Las ruinas viejas del paisaje postindustrial son un campo fértil para las prácticas menores, según lo definido por Jill Stoner: estructuras carentes ya del sentido original y cuya materialidad sigue siendo un símbolo de la memoria del territorio, de la inteligencia y el esfuerzo de las comunidades. La reconversión marginal de los secaderos representa la conquista política del espacio construido y permiten imaginar otras operativas posibles cuando la función deja de tener sentido. Esta reescritura del espacio es asumida aquí como un potente ejercicio estético, con imponentes resonancias líricas en lo social y lo cultural. Ciertas arquitecturas cercanas condenadas a desaparecer que siguen inspirando el pensamiento contemporáneo».

Esa punzante nostalgia que nos deja la pérdida (la de Antonio Jiménez Torrecillas, la de los propios secaderos de tabaco…) se transmuta, en la convicción expresada por Antonio F. Morillas, de que lo verdaderamente trágico no es tanto la pérdida de la realidad física, sino la ausencia de memoria y aprendizaje, la ruptura de la cadena de transmisión de la que todos formamos parte. Sobre ese suelo intenta asentarse el concepto de su obra.
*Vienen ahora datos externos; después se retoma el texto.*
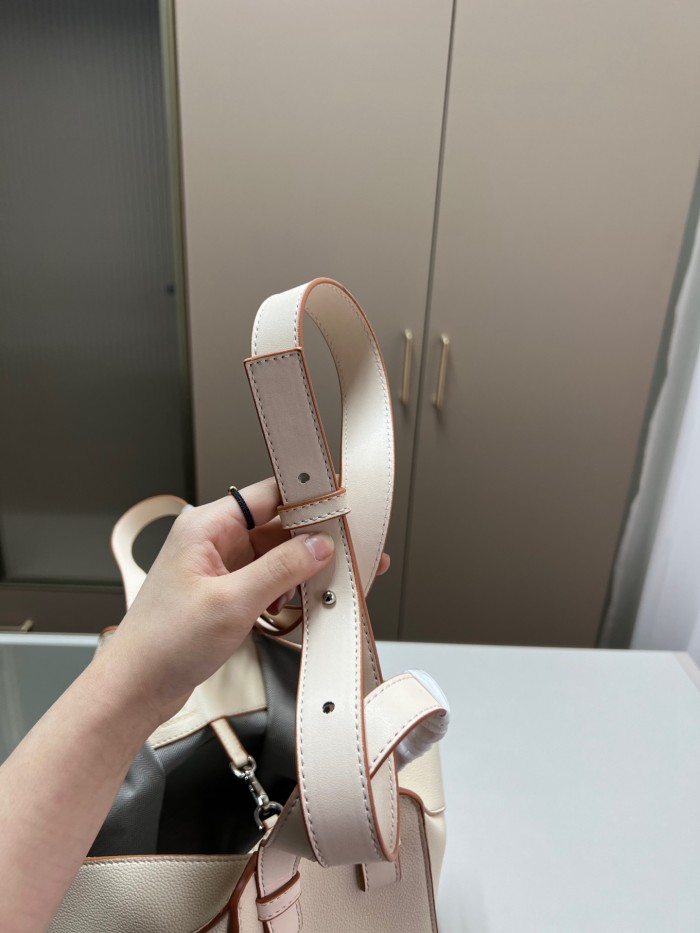 Split leather bag ,4A , size 27x23cm,no box,  B80-21-28
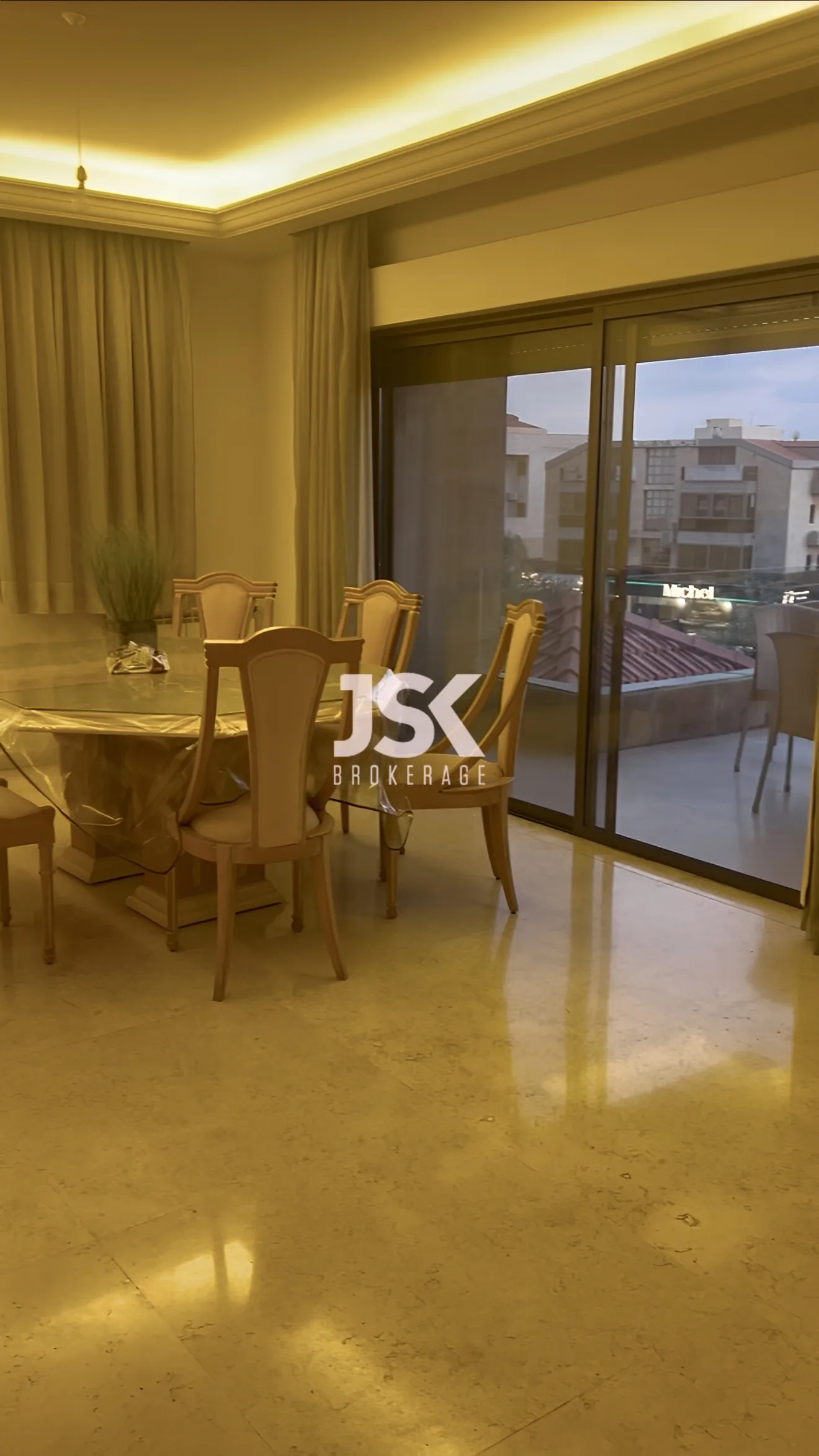 Apartment for Sale in Kfar Hbab - 4 bed, 5 bath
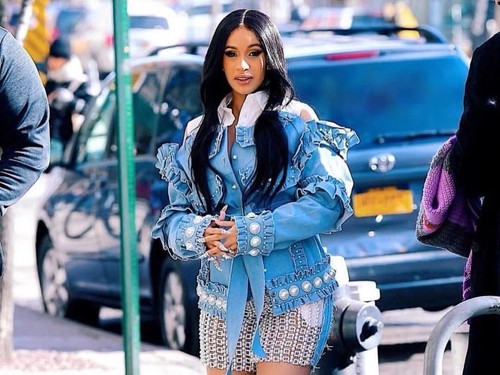 Hamil Besar, Cardi B Berpose Seksi di Cover Rolling Stone Hamil Besar, Cardi B Berpose Seksi di Cover Rolling Stone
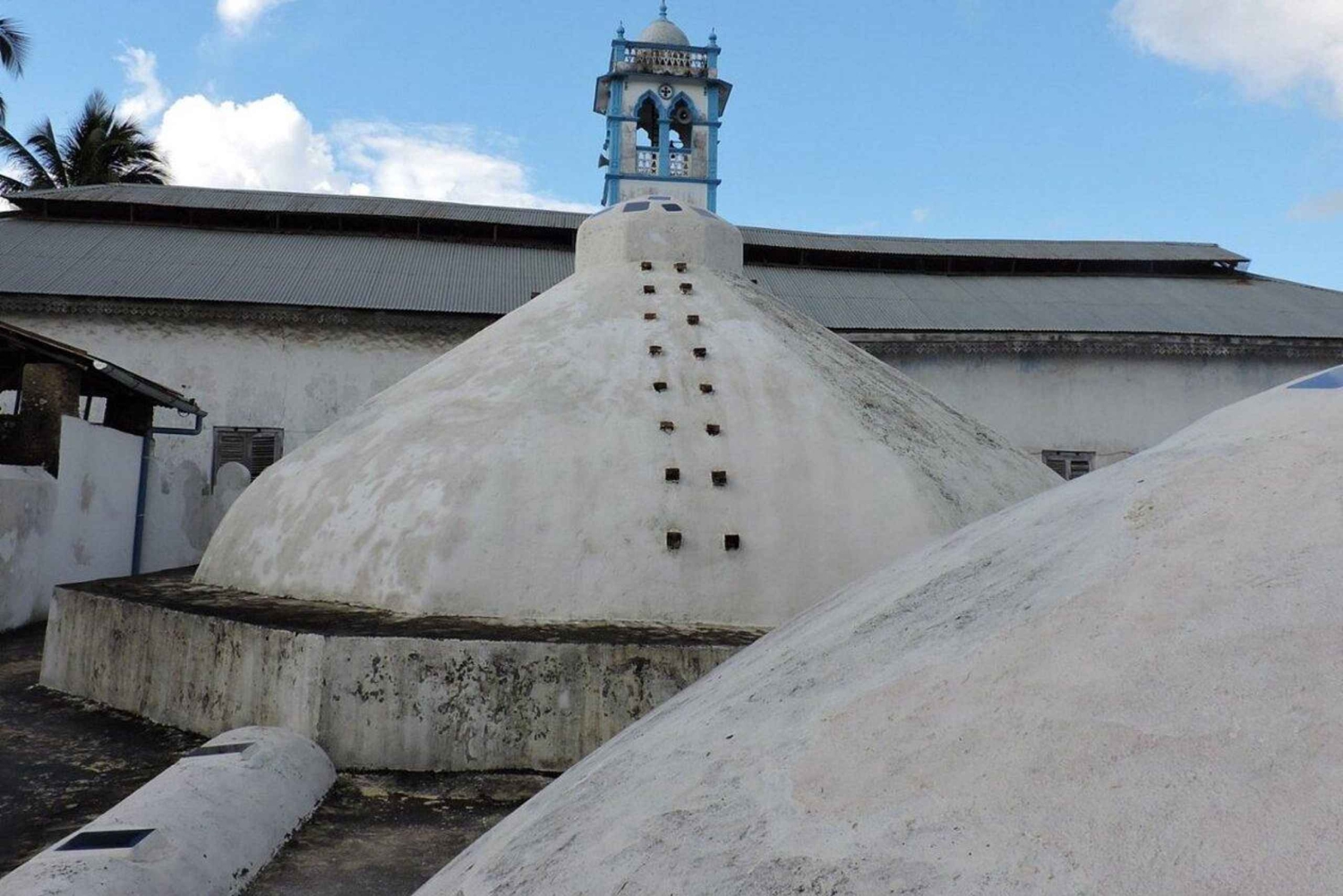 Занзибар: экскурсия с гидом по персидским баням Хамамни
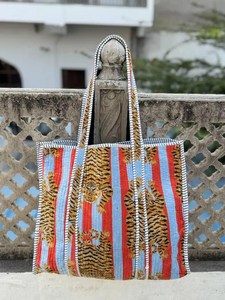 Bolso de Hombro Acolchado de Terciopelo Estampado a la Moda para Damas, Ligero y Cómodo de Llevar - Product Image 2
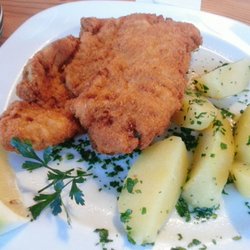 Karawanken Lodge - Cordon Bleu - knapp 10 Euro. Ein Riesen Teil!!! Seeehr lecker. Preis-Leistung mehr als gut!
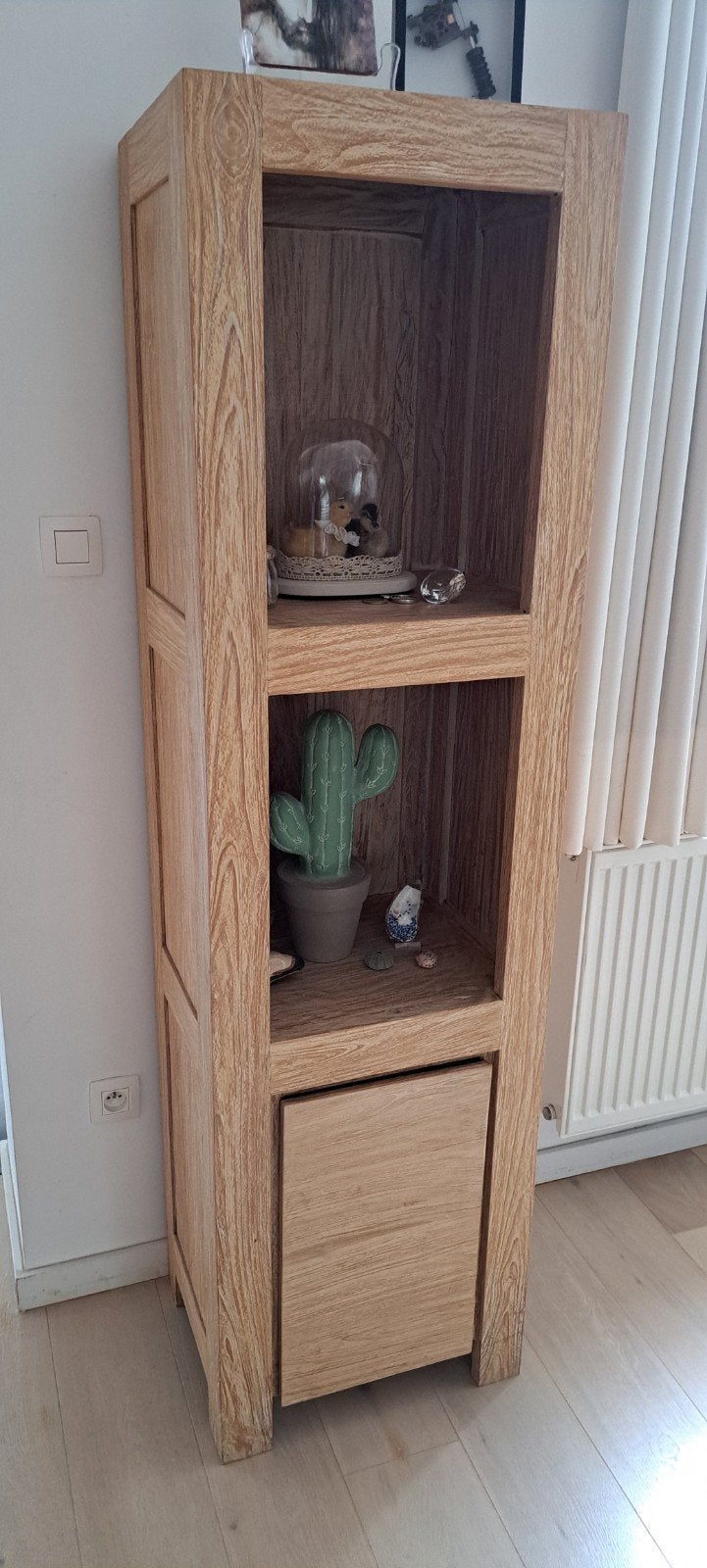 vol hout 1deel, Huis en Inrichting, Kasten | Vitrinekasten, Ophalen
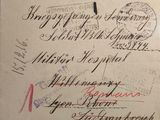 une carte postale sur laquelle sont écrits quelques mots, posée sur une table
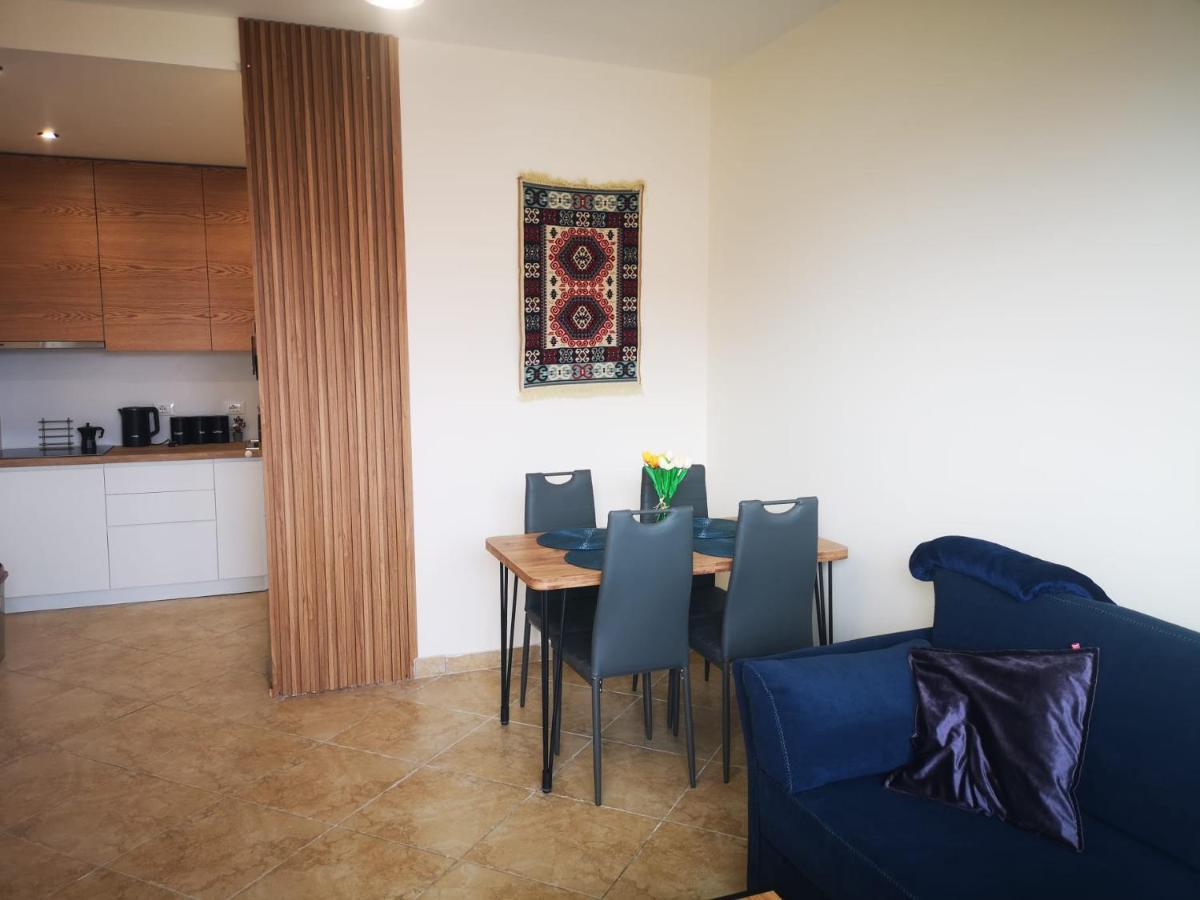Riviera Deluxe Apartments Vlorë Esterno foto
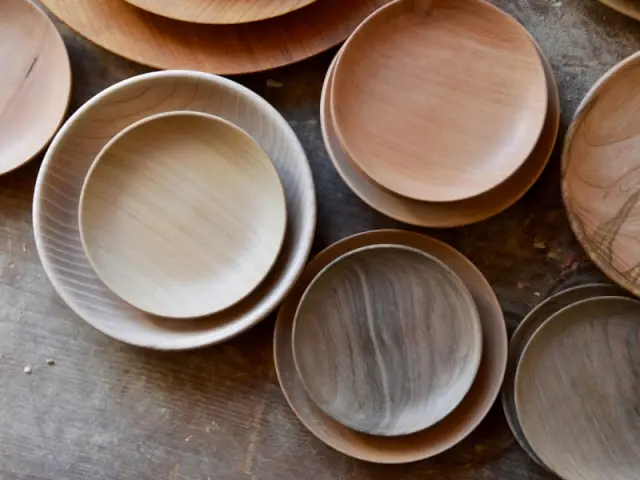 Les assiettes d'Antonis Cardew chez Empreintes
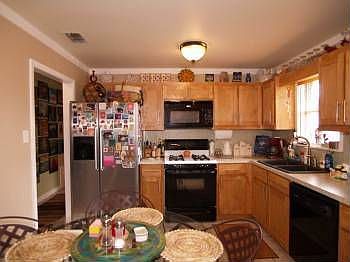 2nd image of 509 W Avenue C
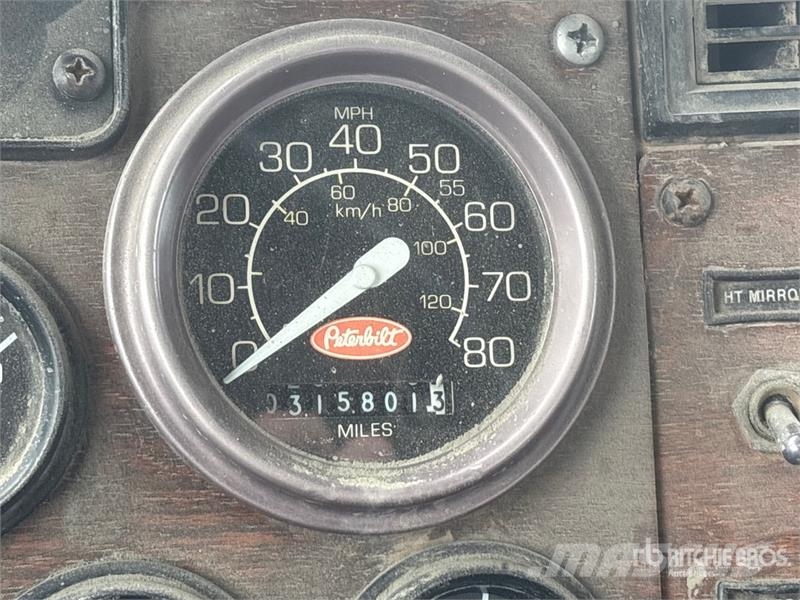 Peterbilt 330 Veepaagiga autod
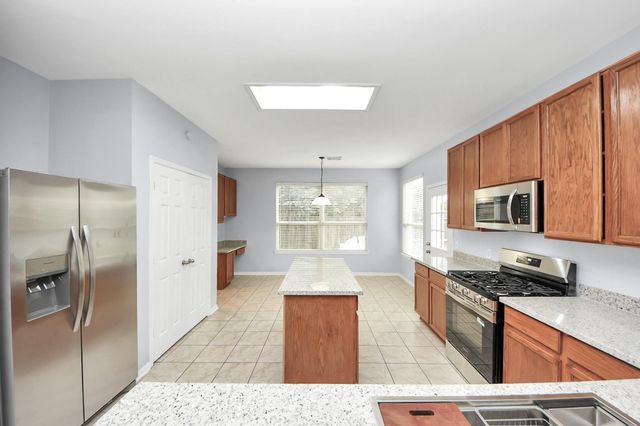 9002 Sundown Drive, Pearland, TX 77584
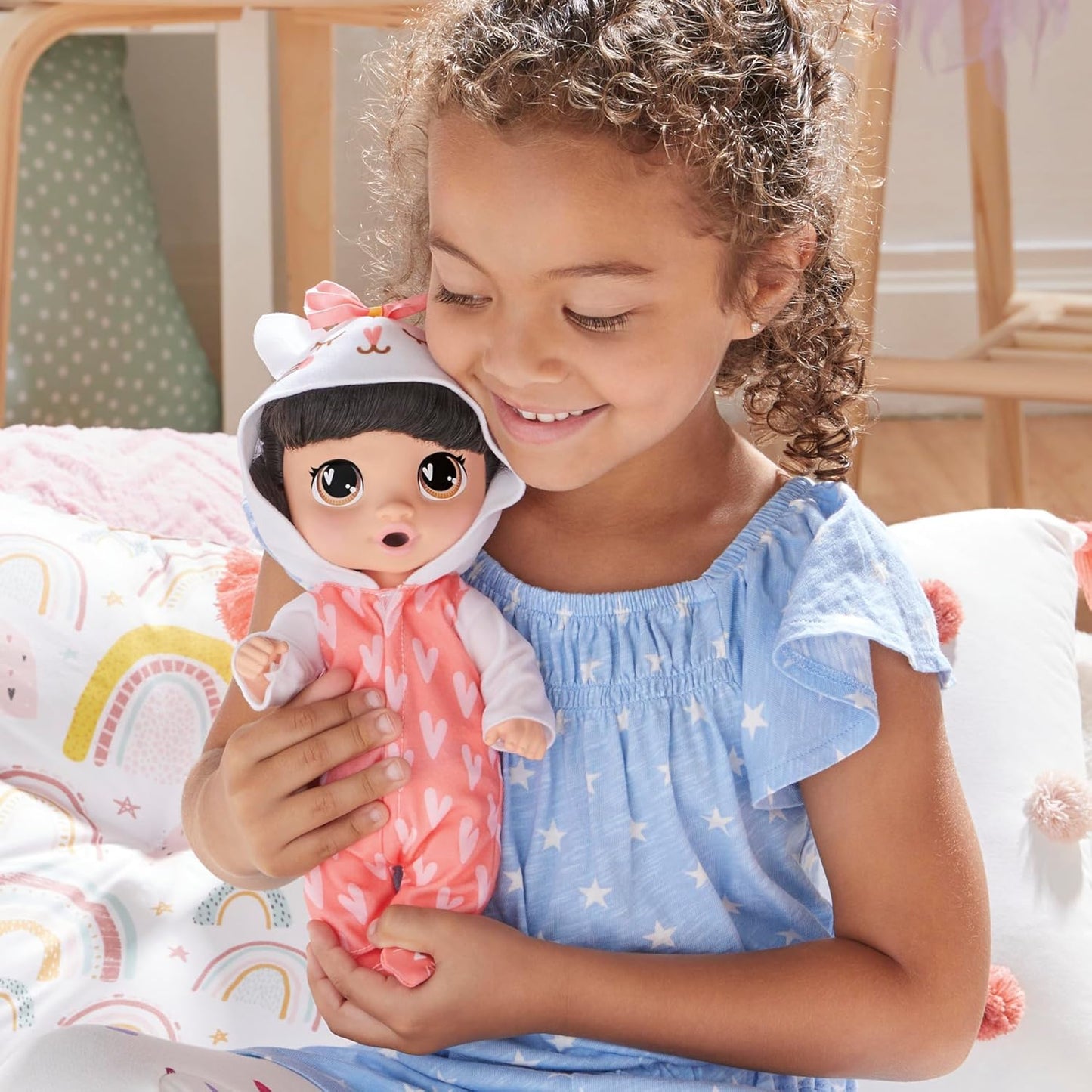 Baby Alive Super BFF Katie Kat Set de Juego de Muñeca Bebé de Vesti...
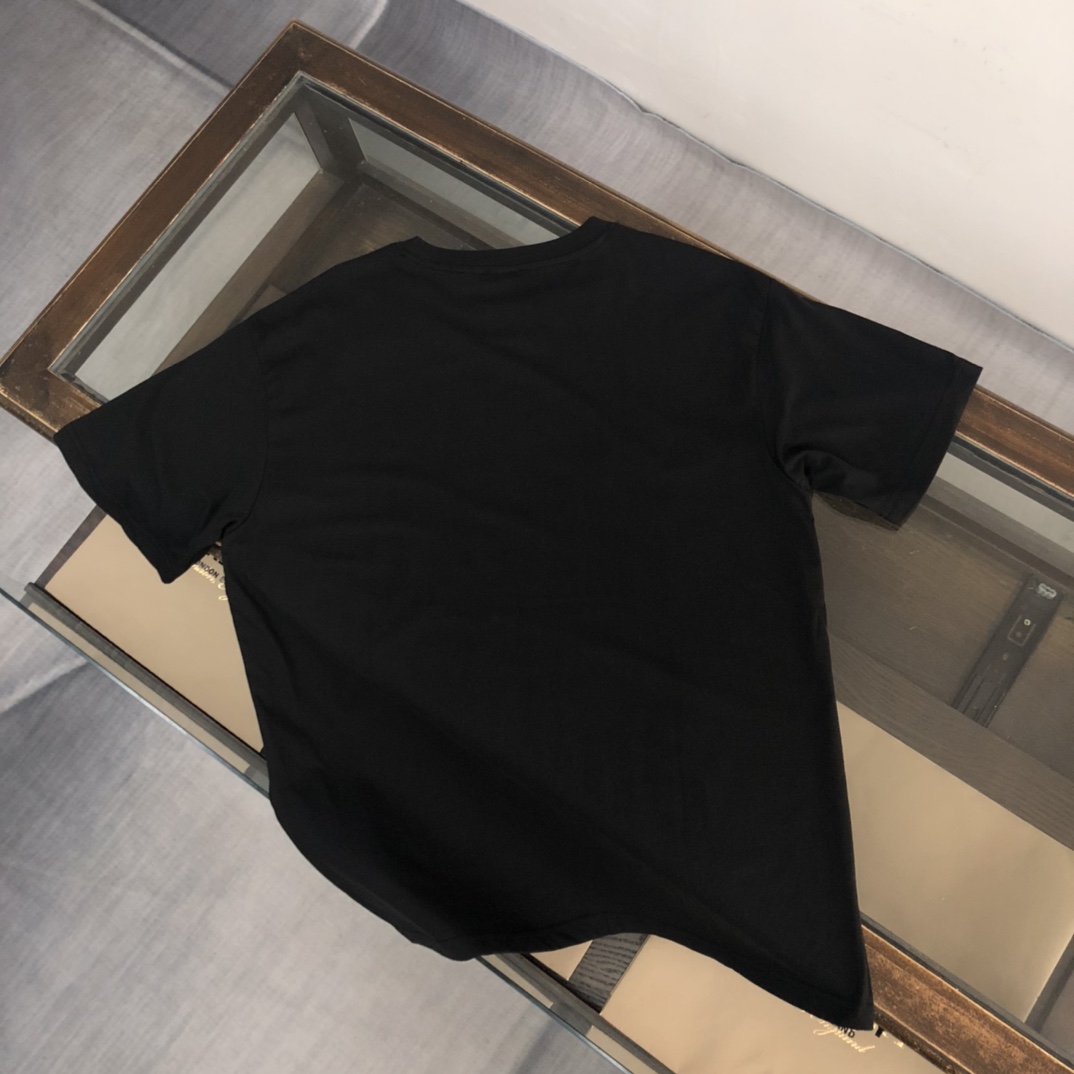 P75 💥 BURBERRY 巴宝莉 夏季新款圆领短袖T恤！270克重磅高端纯棉面料，手感质感都极完美！修身裁剪设计干净利落！时尚又好看！走线做工非常精致！版型效果超赞！而且透气性能超强！任何年龄阶段都可轻松驾驭，男士衣橱里必备的单品。 颜色： 米白 黑色 码数：M-3XL （下单请报身高体重）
Los ciclos de construcción, desaparición y transformación de los secaderos se suceden según su lógica natural, produciendo en nosotros una inédita atracción. Tal y como expresó, con absoluto acierto, el arquitecto Antonio Jiménez Torrecillas: «Es fascinante sentir la atracción estética que produce un objeto que en ningún momento persiguió este fin. […] Los secaderos como un artefacto arquitectónico con una función concreta. No persiguen fin estético alguno sino que se construyen de la forma más sencilla y económica con lo que cada quien tiene a mano. Entonces, ¿por qué nos sobrecogen cuando estamos ante ellos?».